The outcome document of the Rio + 20 Conference, the Future We Want recognizes, through paragraphs 210-212, both the benefits, derived from mountain regions, as essential for sustainable development and the crucial role played by Mountain ecosystems in providing water resources to a large portion of the world's population. It also acknowledges the importance of mountains as home to indigenous people and local communities.

The Future We Want warns about the vulnerability of fragile mountain ecosystems to the adverse impacts of climate change, deforestation and forest degradation, land use change, land degradation and natural disasters, the marginalisation of its communities. Therefore, it invites States to reinforce cooperative action with effective involvement and sharing of experience of all relevant stakeholders and to adopt a long-term vision and holistic approaches, including through incorporating mountain-specific policies into national sustainable development strategies, which could include, inter alia, poverty reduction plans and programmes for mountain areas, particularly in developing countries.
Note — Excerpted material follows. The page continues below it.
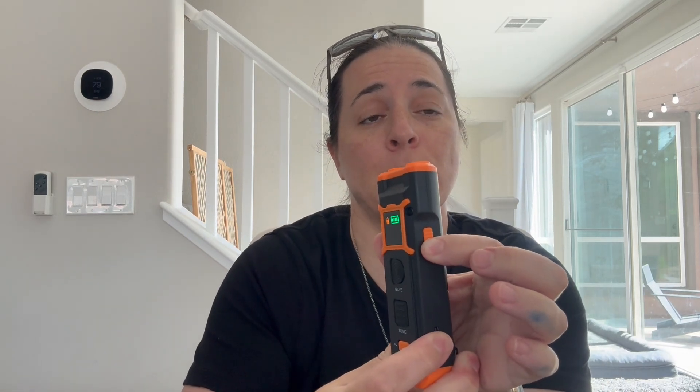You also have a lock switch. If you push this up, you see that lock sign on the screen. When I press either one of these buttons, nothing's happening. That's a great feature so that if it's in your pocket, you're not accidentally pressing the button and the dogs think they need to be doing something.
Prior to Rio+20, Sustainable Mountain Development was discussed at the third session of the Commission on Sustainable Development and the nineteenth Special Session of the General Assembly, held in 1997. The following year, the General Assembly also proclaimed 2002 as the International Year of Mountains, by adopting without a vote, a draft resolution recommended by the Economic and Social Council.

Sustainable Mountain Development is also the subject of Chapter 13 of Agenda 21, which notes that mountains are an important source of water, energy, biological diversity, key resources, such as minerals, forest products and agricultural products, and of recreation. Mountain environments represent major ecosystems which are essential to the survival of the global ecosystem, but they are rapidly changing. Many global mountain areas are experiencing environmental degradation. At the same time, about ten percent of the world's population depends directly on mountain resources, and a much larger percentage draws on mountain resources, including and especially water.

Chapter 13 also includes two programme areas to further elaborate the problem of fragile mountain ecosystems. These are:

  • Generating and strengthening knowledge about the ecology and sustainable development of mountain ecosystems; and
  • Promoting integrated watershed development and alternative livelihood opportunities.